§ **Supplied information**
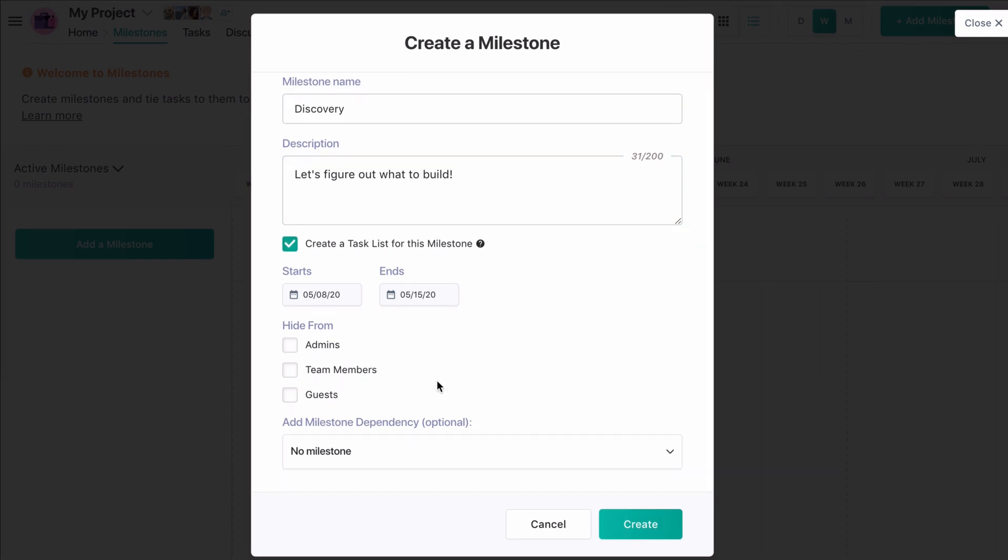We can choose to hide this milestone from people on our team or guests. Hiding a milestone will automatically hide all of the tasks that are tied to it. In this way, hiding a milestone from guests is a popular way to run internal deadlines alongside delivery deadlines in a client project.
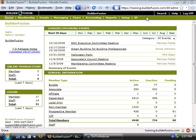Welcome to the BuilderFusion video training series. I'm your host, Drew Davis, and in this episode we're going to be covering the price options feature of the events module.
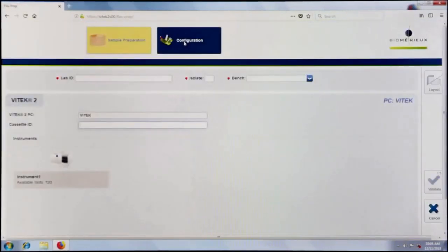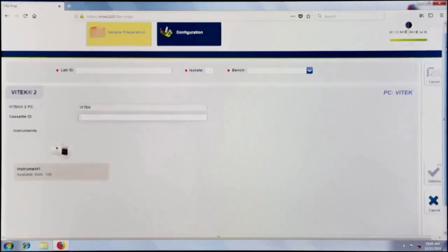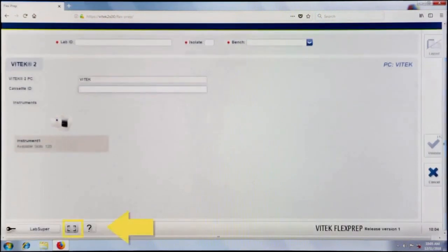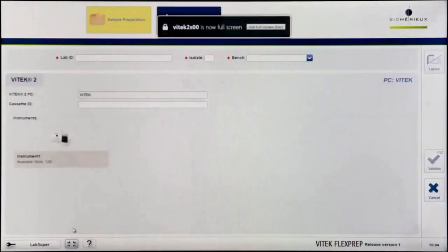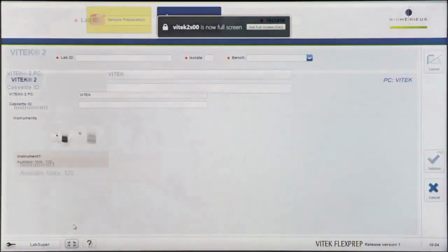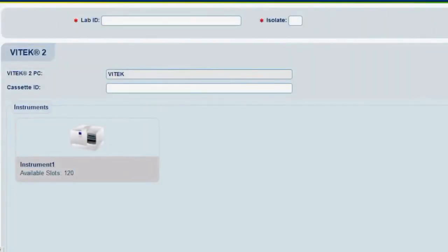By default, the sample preparation screen will display. Click on the To Full Screen button every time that FlexPrep is launched. This is necessary for optimal screen display and workflow.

§ **About this exercise**
Every last line above must be reproduced as written, and no pictures belong in the copy.

§ **Task solution**
We can choose to hide this milestone from people on our team or guests. Hiding a milestone will automatically hide all of the tasks that are tied to it. In this way, hiding a milestone from guests is a popular way to run internal deadlines alongside delivery deadlines in a client project.
Welcome to the BuilderFusion video training series. I'm your host, Drew Davis, and in this episode we're going to be covering the price options feature of the events module.
By default, the sample preparation screen will display. Click on the To Full Screen button every time that FlexPrep is launched. This is necessary for optimal screen display and workflow.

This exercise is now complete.